Records from a data source
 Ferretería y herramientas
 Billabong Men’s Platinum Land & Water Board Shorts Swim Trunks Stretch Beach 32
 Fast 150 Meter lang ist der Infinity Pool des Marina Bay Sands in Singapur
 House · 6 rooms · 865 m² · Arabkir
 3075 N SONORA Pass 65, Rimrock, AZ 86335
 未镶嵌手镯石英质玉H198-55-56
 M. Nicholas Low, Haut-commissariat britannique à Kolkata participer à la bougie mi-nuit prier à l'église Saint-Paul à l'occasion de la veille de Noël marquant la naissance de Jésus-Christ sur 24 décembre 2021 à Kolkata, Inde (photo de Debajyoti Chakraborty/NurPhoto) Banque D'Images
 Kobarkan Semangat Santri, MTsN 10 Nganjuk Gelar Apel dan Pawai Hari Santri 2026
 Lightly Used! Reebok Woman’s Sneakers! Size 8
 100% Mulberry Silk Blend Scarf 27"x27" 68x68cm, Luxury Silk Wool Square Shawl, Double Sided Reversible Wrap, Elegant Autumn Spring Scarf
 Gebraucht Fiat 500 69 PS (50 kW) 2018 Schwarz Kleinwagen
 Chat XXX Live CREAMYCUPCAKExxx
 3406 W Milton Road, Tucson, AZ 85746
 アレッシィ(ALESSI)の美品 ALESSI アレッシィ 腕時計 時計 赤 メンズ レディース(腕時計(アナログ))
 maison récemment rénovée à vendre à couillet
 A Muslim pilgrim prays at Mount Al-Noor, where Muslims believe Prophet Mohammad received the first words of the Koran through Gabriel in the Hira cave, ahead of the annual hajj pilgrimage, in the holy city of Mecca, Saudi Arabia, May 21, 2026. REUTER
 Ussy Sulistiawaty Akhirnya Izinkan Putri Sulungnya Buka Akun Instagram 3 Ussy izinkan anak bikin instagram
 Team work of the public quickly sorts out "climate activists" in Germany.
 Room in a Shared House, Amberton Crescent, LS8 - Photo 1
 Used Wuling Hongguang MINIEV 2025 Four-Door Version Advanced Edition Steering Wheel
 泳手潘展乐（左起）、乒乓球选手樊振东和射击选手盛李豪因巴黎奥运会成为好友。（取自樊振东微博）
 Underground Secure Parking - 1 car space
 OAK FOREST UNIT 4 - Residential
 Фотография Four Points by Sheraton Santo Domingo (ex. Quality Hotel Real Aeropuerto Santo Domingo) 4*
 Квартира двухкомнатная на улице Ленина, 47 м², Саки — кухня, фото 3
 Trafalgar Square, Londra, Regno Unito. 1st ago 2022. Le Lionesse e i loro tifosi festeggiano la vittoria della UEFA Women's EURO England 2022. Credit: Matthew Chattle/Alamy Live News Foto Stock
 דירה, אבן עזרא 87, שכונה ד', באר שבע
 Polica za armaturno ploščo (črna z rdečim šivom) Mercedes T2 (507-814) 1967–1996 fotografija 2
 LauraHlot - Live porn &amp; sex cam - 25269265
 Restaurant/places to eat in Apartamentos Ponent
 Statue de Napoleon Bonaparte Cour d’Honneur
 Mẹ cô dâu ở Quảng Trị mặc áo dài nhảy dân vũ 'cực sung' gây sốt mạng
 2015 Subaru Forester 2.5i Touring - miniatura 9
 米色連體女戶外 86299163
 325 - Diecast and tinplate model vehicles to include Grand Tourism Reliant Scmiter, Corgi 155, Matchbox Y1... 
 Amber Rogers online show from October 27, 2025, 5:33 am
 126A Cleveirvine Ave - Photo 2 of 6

WHAT YOU SHOULD DO
Exactly as shown above, return all of the entries.

SOLUTION TO THIS TASK
 Ferretería y herramientas
 Billabong Men’s Platinum Land & Water Board Shorts Swim Trunks Stretch Beach 32
 Fast 150 Meter lang ist der Infinity Pool des Marina Bay Sands in Singapur
 House · 6 rooms · 865 m² · Arabkir
 3075 N SONORA Pass 65, Rimrock, AZ 86335
 未镶嵌手镯石英质玉H198-55-56
 M. Nicholas Low, Haut-commissariat britannique à Kolkata participer à la bougie mi-nuit prier à l'église Saint-Paul à l'occasion de la veille de Noël marquant la naissance de Jésus-Christ sur 24 décembre 2021 à Kolkata, Inde (photo de Debajyoti Chakraborty/NurPhoto) Banque D'Images
 Kobarkan Semangat Santri, MTsN 10 Nganjuk Gelar Apel dan Pawai Hari Santri 2026
 Lightly Used! Reebok Woman’s Sneakers! Size 8
 100% Mulberry Silk Blend Scarf 27"x27" 68x68cm, Luxury Silk Wool Square Shawl, Double Sided Reversible Wrap, Elegant Autumn Spring Scarf
 Gebraucht Fiat 500 69 PS (50 kW) 2018 Schwarz Kleinwagen
 Chat XXX Live CREAMYCUPCAKExxx
 3406 W Milton Road, Tucson, AZ 85746
 アレッシィ(ALESSI)の美品 ALESSI アレッシィ 腕時計 時計 赤 メンズ レディース(腕時計(アナログ))
 maison récemment rénovée à vendre à couillet
 A Muslim pilgrim prays at Mount Al-Noor, where Muslims believe Prophet Mohammad received the first words of the Koran through Gabriel in the Hira cave, ahead of the annual hajj pilgrimage, in the holy city of Mecca, Saudi Arabia, May 21, 2026. REUTER
 Ussy Sulistiawaty Akhirnya Izinkan Putri Sulungnya Buka Akun Instagram 3 Ussy izinkan anak bikin instagram
 Team work of the public quickly sorts out "climate activists" in Germany.
 Room in a Shared House, Amberton Crescent, LS8 - Photo 1
 Used Wuling Hongguang MINIEV 2025 Four-Door Version Advanced Edition Steering Wheel
 泳手潘展乐（左起）、乒乓球选手樊振东和射击选手盛李豪因巴黎奥运会成为好友。（取自樊振东微博）
 Underground Secure Parking - 1 car space
 OAK FOREST UNIT 4 - Residential
 Фотография Four Points by Sheraton Santo Domingo (ex. Quality Hotel Real Aeropuerto Santo Domingo) 4*
 Квартира двухкомнатная на улице Ленина, 47 м², Саки — кухня, фото 3
 Trafalgar Square, Londra, Regno Unito. 1st ago 2022. Le Lionesse e i loro tifosi festeggiano la vittoria della UEFA Women's EURO England 2022. Credit: Matthew Chattle/Alamy Live News Foto Stock
 דירה, אבן עזרא 87, שכונה ד', באר שבע
 Polica za armaturno ploščo (črna z rdečim šivom) Mercedes T2 (507-814) 1967–1996 fotografija 2
 LauraHlot - Live porn &amp; sex cam - 25269265
 Restaurant/places to eat in Apartamentos Ponent
 Statue de Napoleon Bonaparte Cour d’Honneur
 Mẹ cô dâu ở Quảng Trị mặc áo dài nhảy dân vũ 'cực sung' gây sốt mạng
 2015 Subaru Forester 2.5i Touring - miniatura 9
 米色連體女戶外 86299163
 325 - Diecast and tinplate model vehicles to include Grand Tourism Reliant Scmiter, Corgi 155, Matchbox Y1... 
 Amber Rogers online show from October 27, 2025, 5:33 am
 126A Cleveirvine Ave - Photo 2 of 6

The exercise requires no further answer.